Les rendements négatifs gagnent la dette corporate

le 09/02/2015 L'AGEFI Quotidien / Edition de 7H

Nestlé a été le premier à voir le rendement de l'un de ses titres entrer en territoire négatif.

Le rendement de l’obligation Nestlé oct. 2016 euro a chuté à -0,008%. Photo Bloomberg.

Les rendements négatifs commencent à se propager à l’univers des obligations «corporates». Avec une courbe de taux des emprunts d’Etat négative jusqu’à la maturité 13 ans en Suisse, jusqu’à 7 ans en Allemagne et jusqu’à 5 ans en France du fait de la mise en place de politiques monétaires ultra-accommodantes de la BCE et de la BNS, quelques obligations d’entreprises bien notées et de maturités courtes ont déjà vu leur niveau de rendement passer en territoire négatif. Une quinzaine d’autres sont proches de franchir le cap.

L’obligation Total d’échéance janvier 2016 libellée en franc (CHF) notée «AA-» affiche ainsi déjà un fort rendement négatif de -0,621%. Mais la dette en euro est également concernée, le titre Nestlé octobre 2016 euro ayant quant à lui vu son rendement chuter à -0,008%, alors qu’il était encore de +0,60% début 2014. Le rendement de l’obligation Shell de maturité septembre 2016 (AA) a également chuté à -0,042%, et celle d’Unilever (A+) septembre 2015 à -0,052%.

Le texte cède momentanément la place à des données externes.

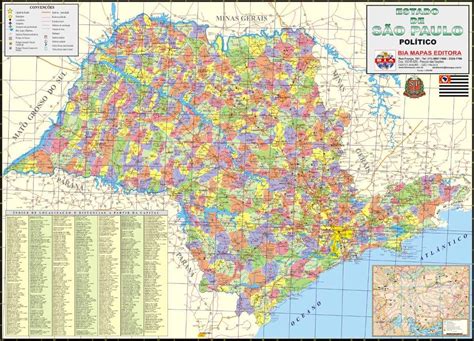 Esta é uma lista de municípios do estado de são paulo agrupados por ordem alfabética. Mapa Estado De São Paulo - Risque - Rabisque - R$ 230,00 ...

«Avec la chute des taux en territoire négatif et le resserrement constant des spreads, les rendements de nombre obligations se rapprochent de zéro. Ce processus est en plein essor et ne semble pas près de s’arrêter», estime SG CIB. L’obligation Pfizer (A1 / AA) mars 2016 affiche un rendement de seulement 0,001% et est déjà tombée dans la catégorie que les anglo-saxons appellent «ZYNY» (zero yield - negative yield).

Avec elle, RBS répertorie une quinzaine d'obligations dont le rendement est actuellement compris entre 0 et 0,10% et qui pourraient ainsi basculer prochainement en zone négative. Parmi ces émetteurs, plusieurs français sont concernés, tels qu’EDF, GDF Suez, Air Liquide ou Sanofi-Aventis, alors que Novartis et Roche sont dans le même cas du côté des émetteurs suisses, BASF, Man et RWE du côté allemand, et même Toyota Motor Credit côté japonais.

«Cette plongée des rendements en négatif est due non seulement aux taux d’intérêt négatifs mais également à la rareté des actifs, et notamment de ceux de haute qualité disponibles sur le marché», explique RBS. Sur les maturités de 1 à 3 ans, le rendement moyen de la dette d’entreprises en euro est tombé à 0,24% pour les meilleures notations «AAA» et «AA» et à 0,40% pour les «A», selon les chiffres de SG CIB. Sur les maturités de 3 à 5 ans, les titres notés «AAA» bénéficient d’un rendement de 0,30%, et de 0,44% et 0,60% pour ceux notés «AA» et «A». «Ce phénomène pourrait se généraliser sur les obligations corporates de rating minimum 'A+' sur des maturités allant jusqu’à 2 - 3 ans, sous l’impact du programme de QE de la BCE et du taux de dépôt négatif de -0,20%», estime ainsi Marnik Hinnekens, responsable de la recherche crédit chez Tullett Prebon à Paris.

Les titres d'entreprises libellés en euro notés «AA» offrent toujours un rendement moyen supérieur aux obligations d’Etat allemandes de référence d’environ 45 pb sur les maturités inférieures à 3 ans, de 60 pb sur celles entre 3 et 5 ans, de 70 pb entre 5 et 7 ans, de 110 pb entre 7 et 10 ans et de plus de 160 pb sur celles supérieures à 10 ans.

«Rappelons que les rendements négatifs constatés concernent seulement la partie offreuse [sur la fourchette bid-ask]. En d’autres termes, les traders et investisseurs n’achètent pas les obligations à des taux négatifs mais sont seulement préparés à les voir passer en territoire négatif», précise Jeroen van den Broek, responsable de la stratégie de crédit chez ING.